L'Iran est une grande histoire que de petits jours ne peuvent en tenir les bouts. Le raconter c'est un peu côtoyer la rêverie, le visiter c'est tenter d'ouvrir un cahier infini. En voici donc quelques lignes d'une quelconque page de ce bref périple iranien. Embarquement.

Parler de l'Iran parait être l'apanage de spécialistes invétérés. La Perse et son rayonnement, sa civilisation et son histoire m'ont parus comme des identifiants identitaires d'un passé qui ne trouve pas assez de place dans un présent trop controversé. Ce qui va suivre n'est qu'un récit d'un voyageur que le hasard avait voulu qu'il soit là et pas ailleurs. J'ai refusé expressément de prendre des notes. Laissant le soin à mes sentiments réactifs, j'ai privilégié la piste de la mémoire et l'expression des fortes impressions. Comme je n'ai jamais cherché une quelconque source d'inspiration. C'est elle qui comme à l'accoutumée venait taquiner la mienne. Je me suis abstenu pour la narration de ce récit de faire appel à une information que je n'ai pas vécue. La version des faits, des lieux ou des situations racontée ainsi n'est qu'un effort personnel et n'avait pas besoin de recourir à Google.

La destination me paraissait envoutante, tant les légendes et les mystères que ma pauvre culture générale insuffisante stockait. Elle me faisait rêver de voir des palais, de toucher le savoir et de me frotter à la beauté avec en prime cette plongée tant souhaitée dans une histoire des plus envoûtantes de la région et des religions.
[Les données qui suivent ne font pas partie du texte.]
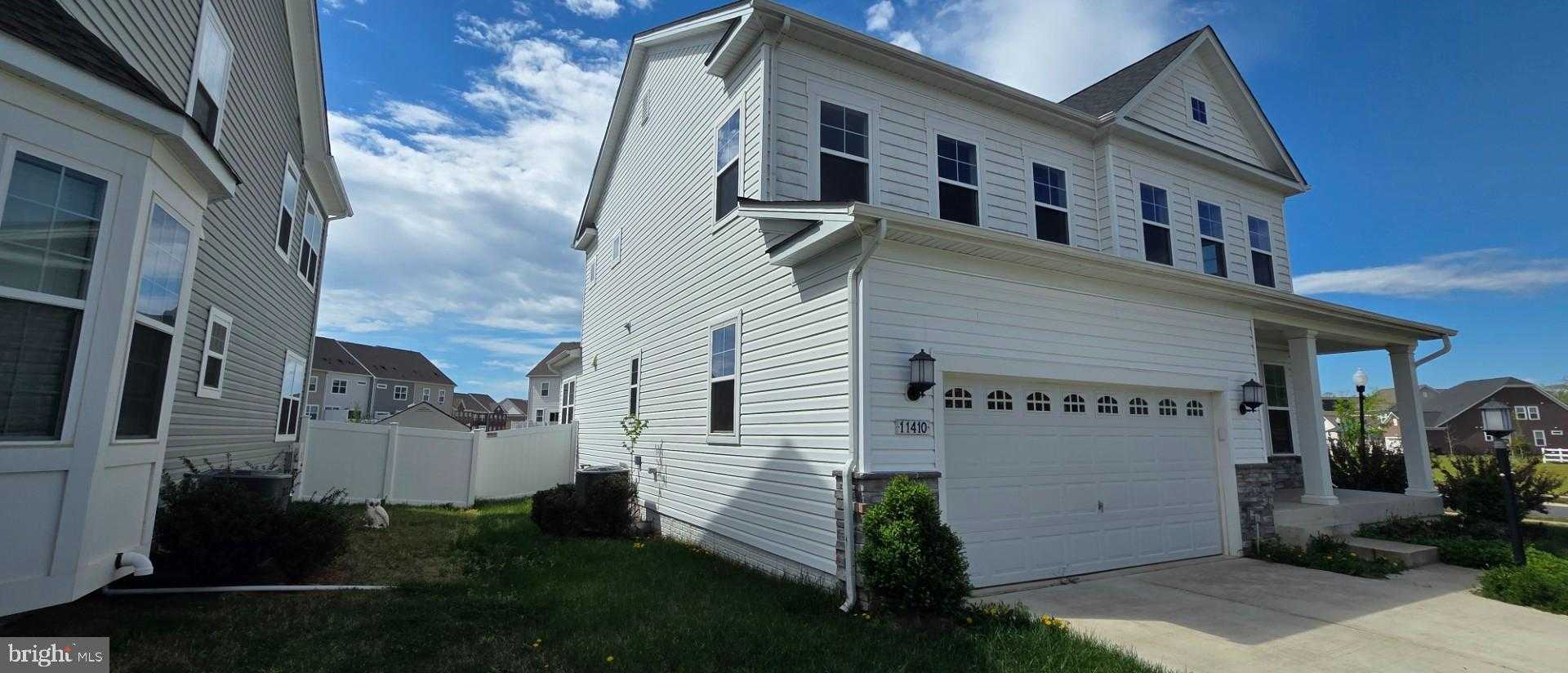 11410 Jane Austen Ln photo 2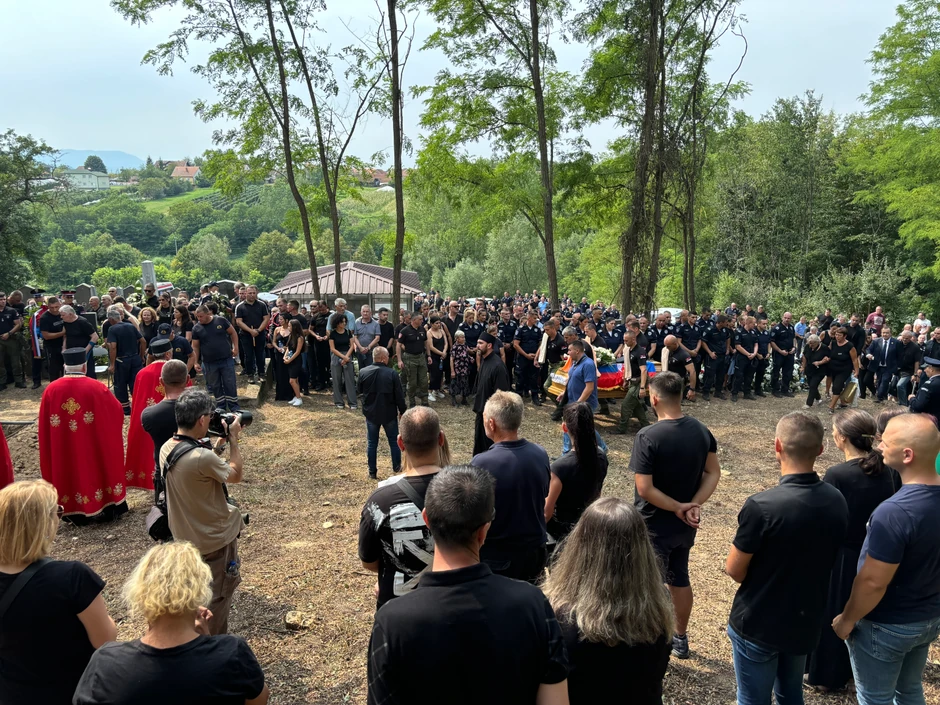 Povorka sa kovčegom u kom se nalazi telo ubijenog policajca Nikole Krsmanovića stigla je na gorblje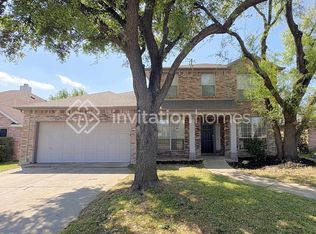 104 Westbrook Dr, Arlington, TX 76002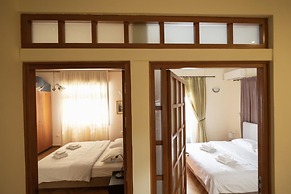 Ideal 4 bdr Apartment in Plaka for 10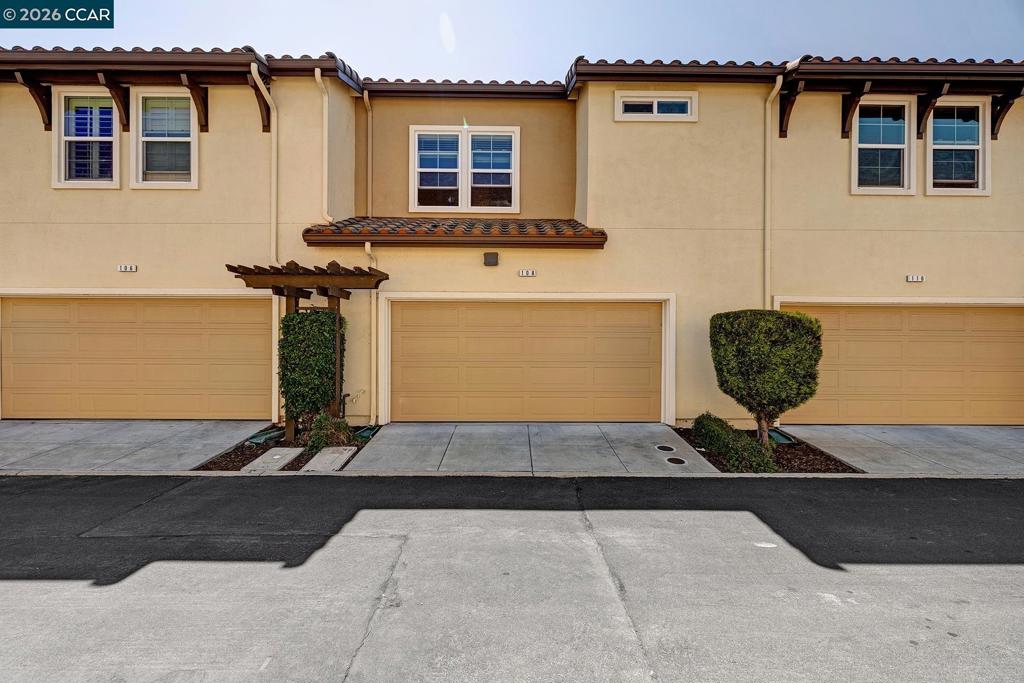 108 Arcangel Way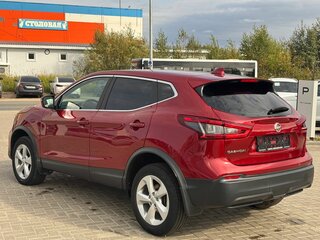 2020 Nissan Qashqai II Рестайлинг, красный, 2050000 рублей, вид 5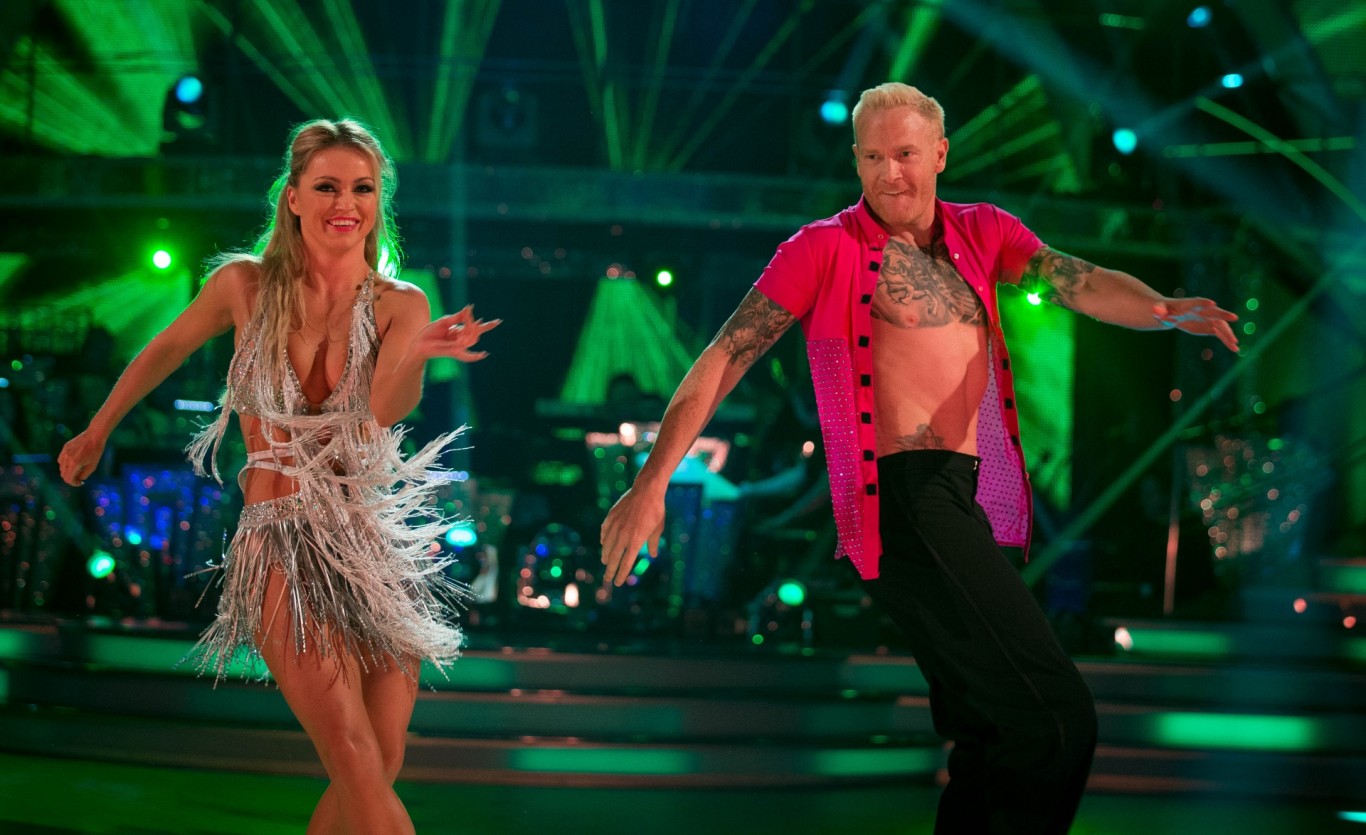 Twitter grieves for first Strictly Come Dancing casualty Iwan Thomas as he's voted out with Ola Jordan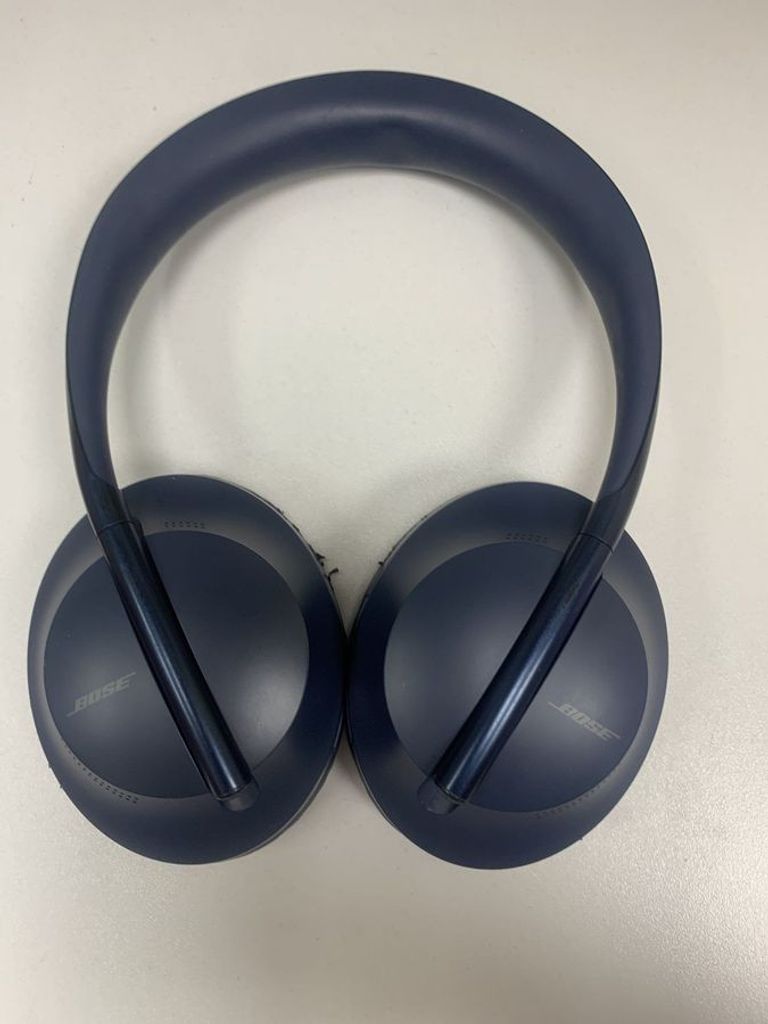 Оголошення Bose noise cancelling headphones 700 Б/У
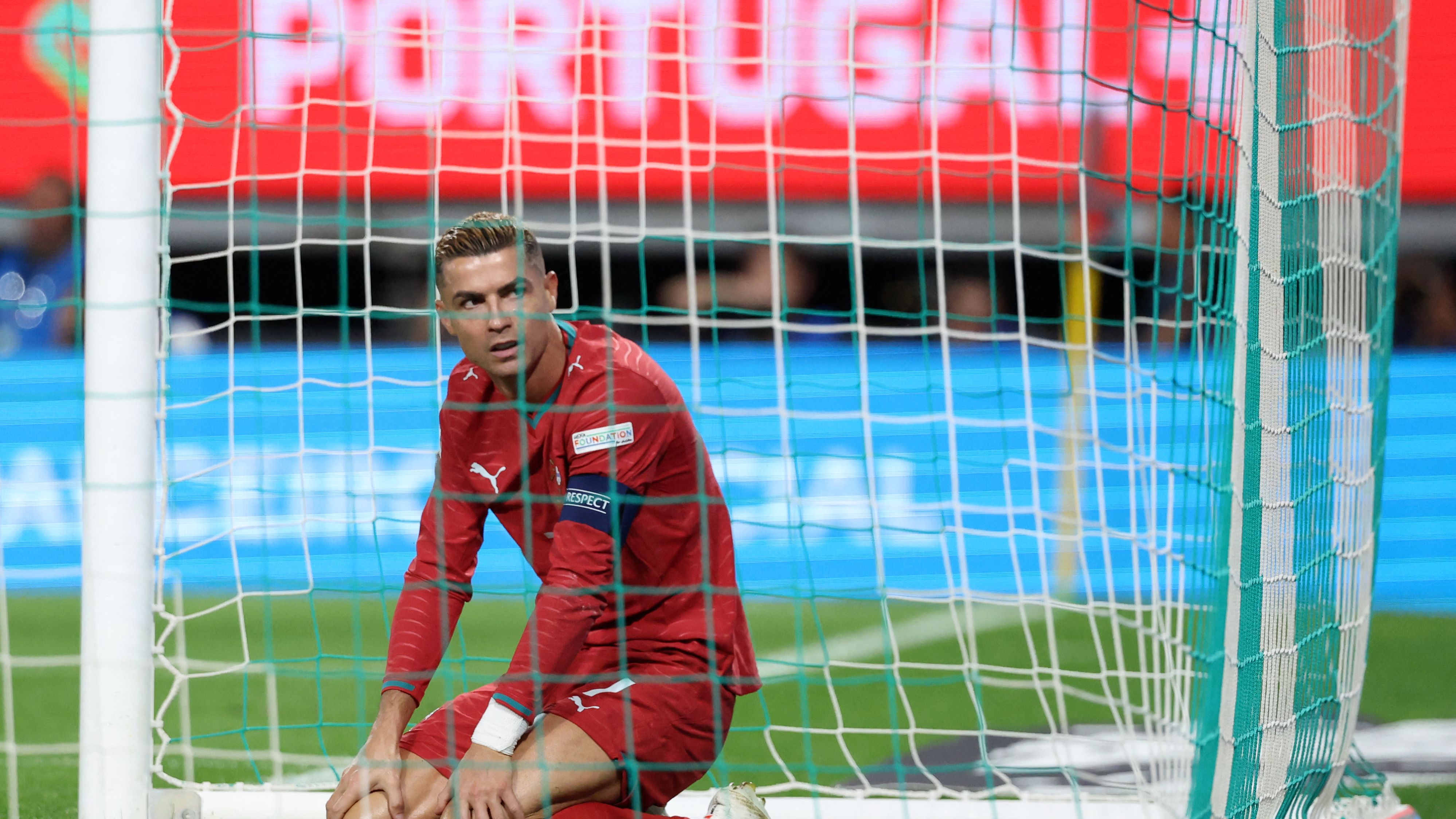 الأسوأ في المباراة.. رونالدو يبدأ حلم دوري الأمم الأوروبية بوجه شاحب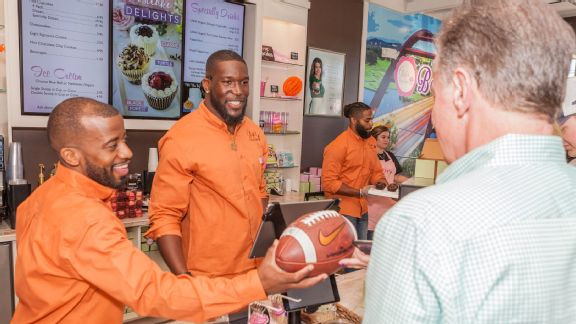 Brian Orakpo Cupcakes
 How two NFL players sweet tooths made them hands on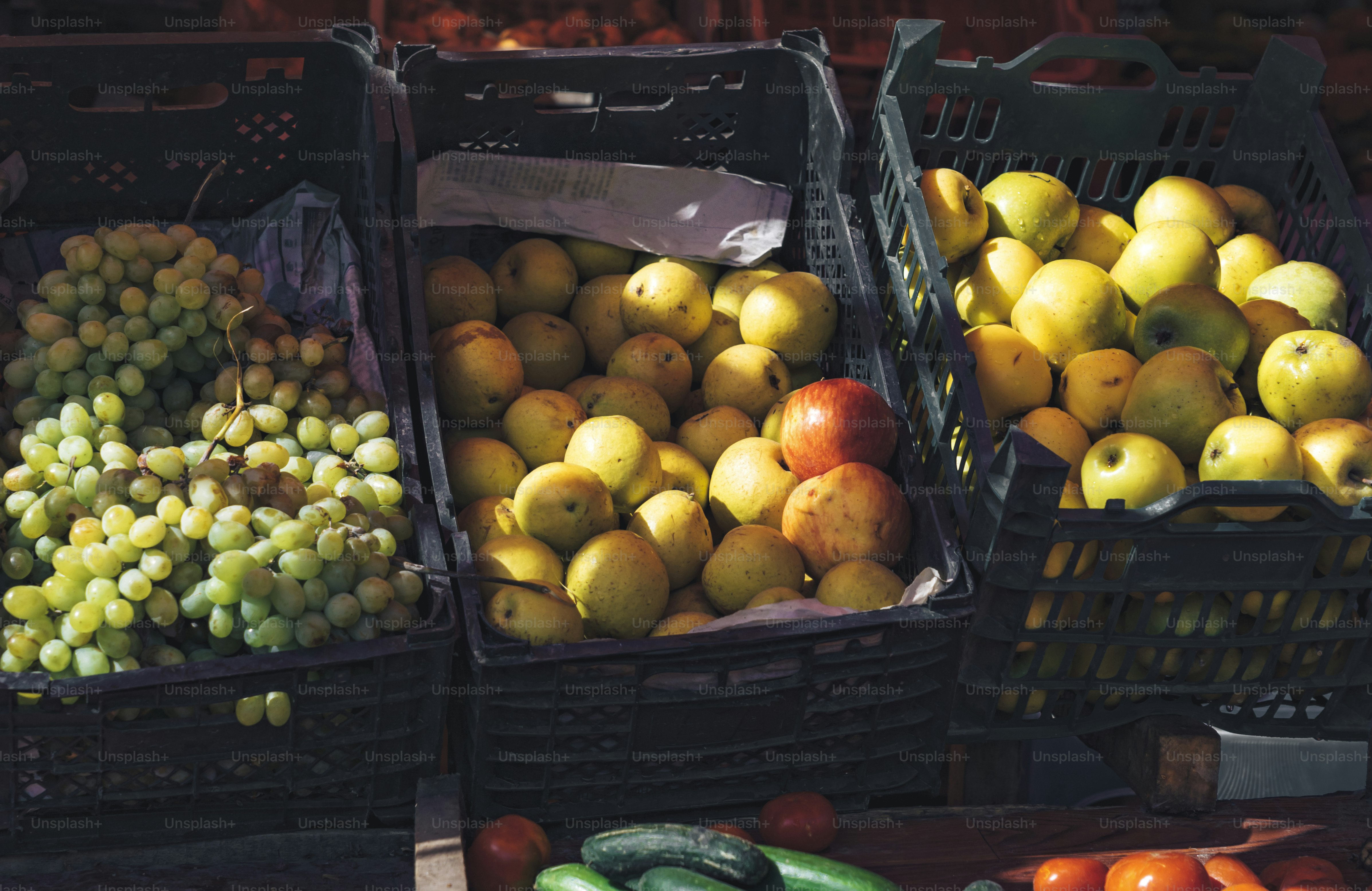 Äpfel und Trauben in Kisten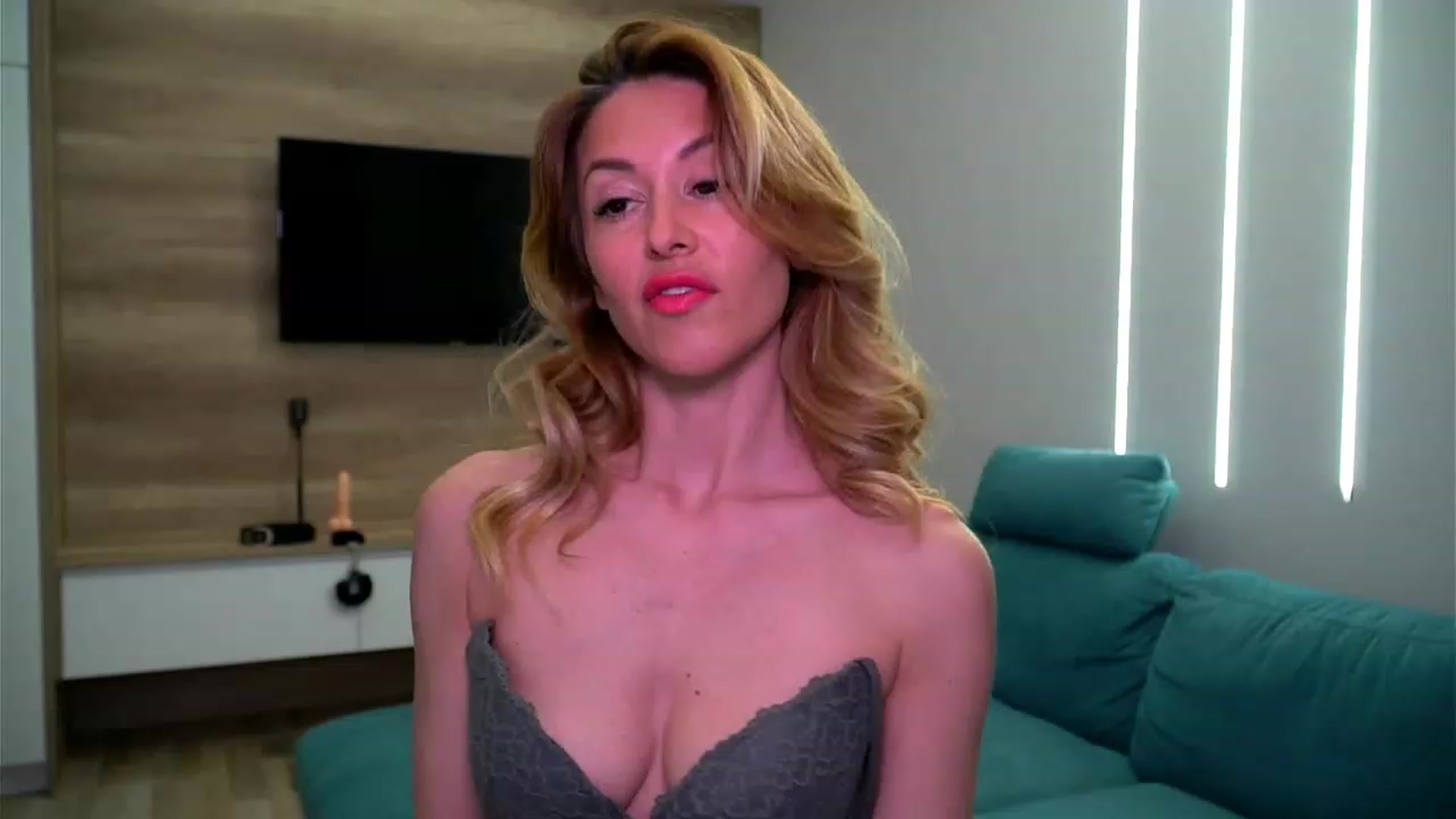 Gallery image thumbnail from lovelylollly's myfreecams stream on, 05/10/2023, 11:32 image 8 of 20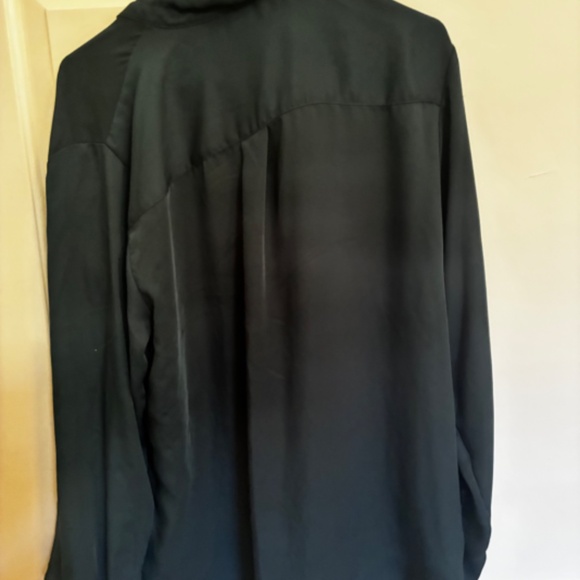 H&M Satin Button Up Emerald Green - Picture 3 of 3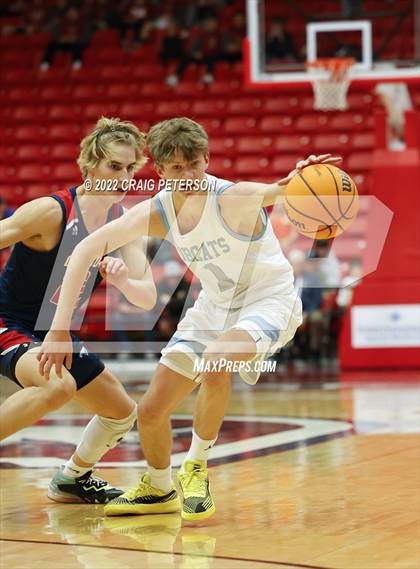 Thumbnail 1 in Sky View vs. Crimson Cliffs (UHSAA 4A Quarterfinal Playoff) photogallery.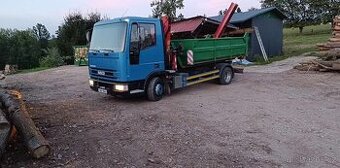 Kontejnerové auto s rukou Iveco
Moi, qui tout le temps préférais le trajet à la destination, j'avais beaucoup de peine à contenir ma préférence. Le voyage s'annonçait interminable et pénible. Presque 09 heures de vol. Toute une partie d'une vie, la moitié d'un jour et l'autre d'une nuit que je m'apprêtais à consommer bêtement en plein ciel. Mon enthousiasme s'est vite estompé avec le grand circuit qui me guettait et accroissait davantage mon inquiétude. Alger/Doha au Qatar, puis sans pouvoir grignoter une cigarette, Doha/Téhéran. Si ce n'était cette compagnie de transport Qatar Airways, qui avec son savoir faire et le sourire permanent de ses hôtesses non seulement me faisait oublier les avatars et les retards d'air Algérie mais se déployait à réduire mes soucis de voyage. Affalé dans mon fauteuil de classe économique, je me suis mis à visionner un film de la littérature égyptienne qui se trouvait là dans la mémoire de l'écran qui me prêtait face. Un drame digne des scénaristes connus pour leur éloquence, tel que Ihacene Abdel kaddouss venait de m'empêcher de rêver. A la longue, fatigue en bout ; j'étais pris dans les bras de Morphée. Mes paupières semblaient prendre tous les fardeaux de l'humanité pour se laisser vaincre et aller se poser l'une sur l'autre. Cet assoupissement furtif et léger m'entrainait vers des contes de fées ou ceux des épopées allant des croisades au djihad en Syrie. Je voyais Saladin discutant avec Alexandre le grand, sans pour autant comprendre la langue de conversation. L'on papotait sur le devenir de l'islam et de la liberté de croyance, des empires et des nouveaux cœurs et terrains à conquérir. Les époques se confondaient autant que les trous d'air me diluaient le visage des illustres personnages. Je me voyais bercé par les romances des milles et une nuit où Shahrazade me racontait l'histoire de ce voyageur qui venant de loin, d'Algérie ne savait rien du pays des merveilles. Ce voyageur qui n'avait pour patrimoine que sa patrie, ses guerres et ses propres illusions.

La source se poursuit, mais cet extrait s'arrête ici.